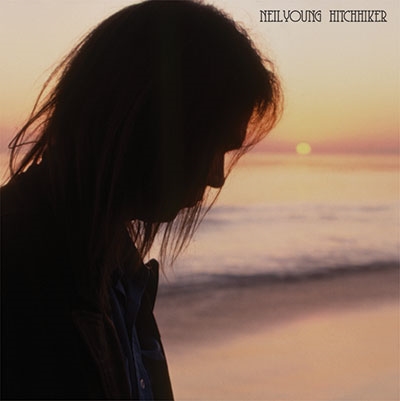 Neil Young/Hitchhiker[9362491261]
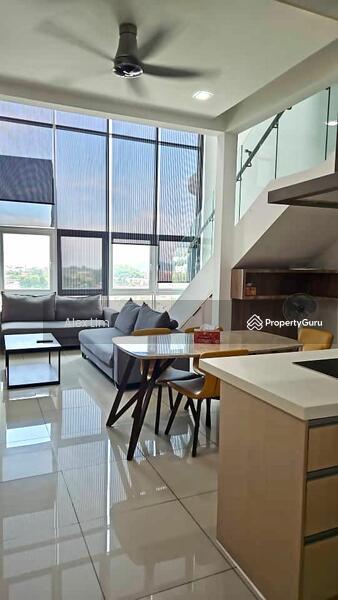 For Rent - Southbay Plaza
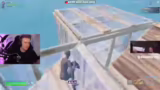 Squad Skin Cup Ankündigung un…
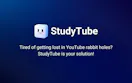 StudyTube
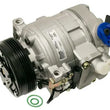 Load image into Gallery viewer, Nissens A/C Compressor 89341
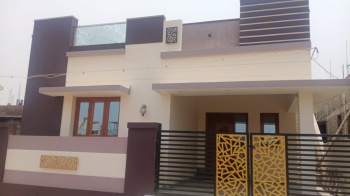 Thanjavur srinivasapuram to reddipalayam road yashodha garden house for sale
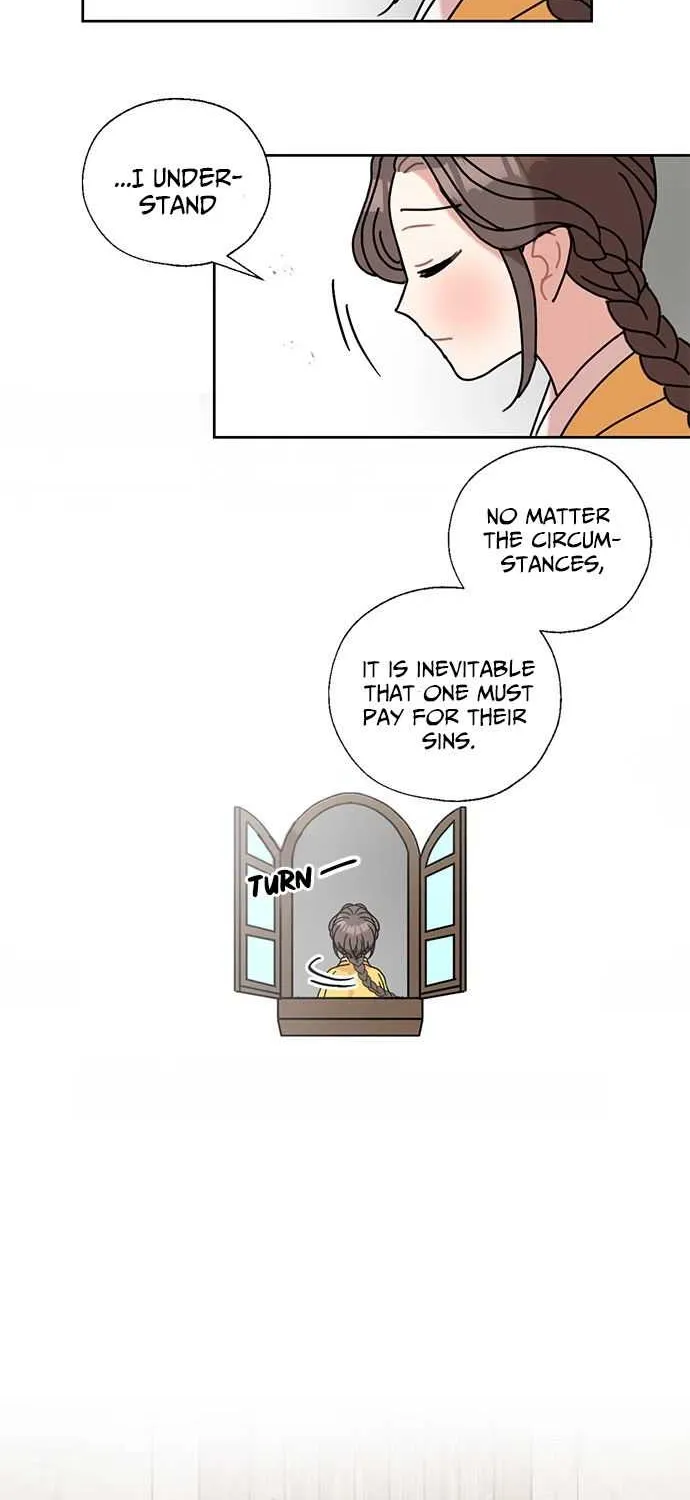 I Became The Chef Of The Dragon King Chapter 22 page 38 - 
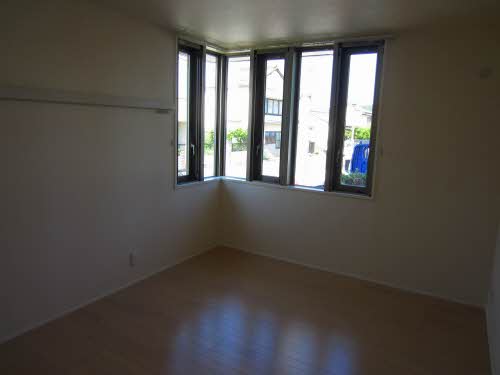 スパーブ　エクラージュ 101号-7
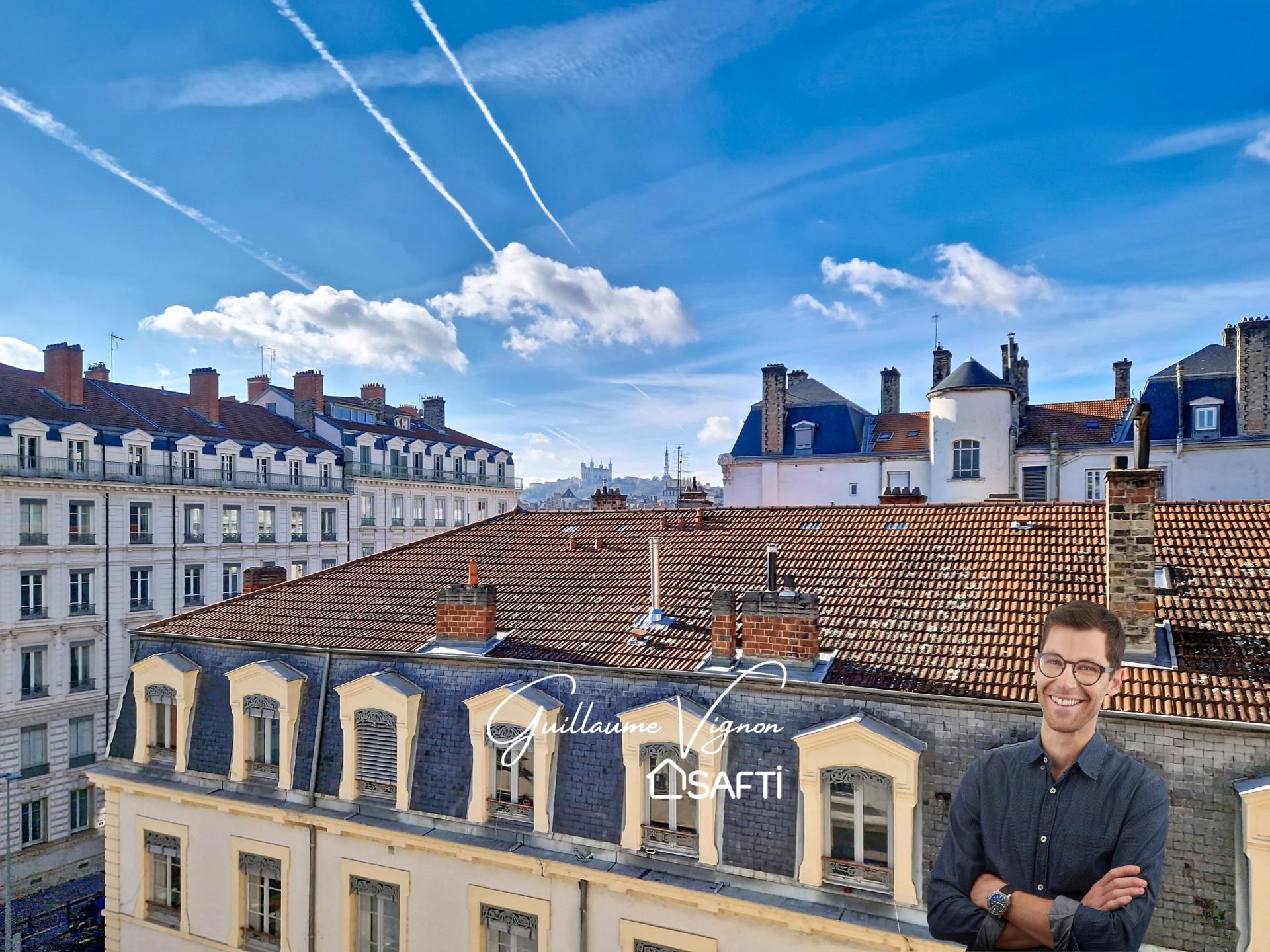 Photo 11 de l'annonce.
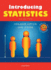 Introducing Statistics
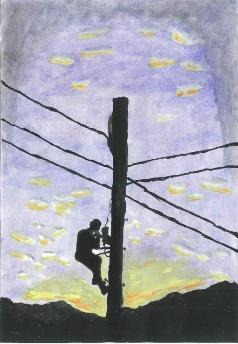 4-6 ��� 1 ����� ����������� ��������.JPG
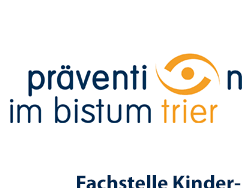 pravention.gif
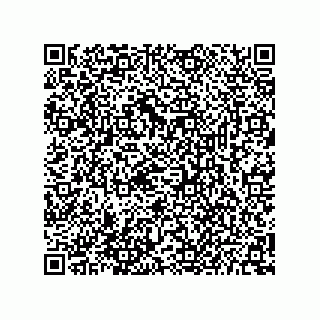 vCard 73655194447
########################################
DIRECTIONS FOR THIS TASK: A word-for-word copy is needed, starting at the first line of the listing and ending with the line bearing "Photo 11 de l'annonce.". No pictures.

RESPONSE AREA:
 Neil Young/Hitchhiker[9362491261]
 For Rent - Southbay Plaza
 Squad Skin Cup Ankündigung un…
 StudyTube
 Load image into Gallery viewer, Nissens A/C Compressor 89341
 Thanjavur srinivasapuram to reddipalayam road yashodha garden house for sale
 I Became The Chef Of The Dragon King Chapter 22 page 38 - 
 スパーブ　エクラージュ 101号-7
 Photo 11 de l'annonce.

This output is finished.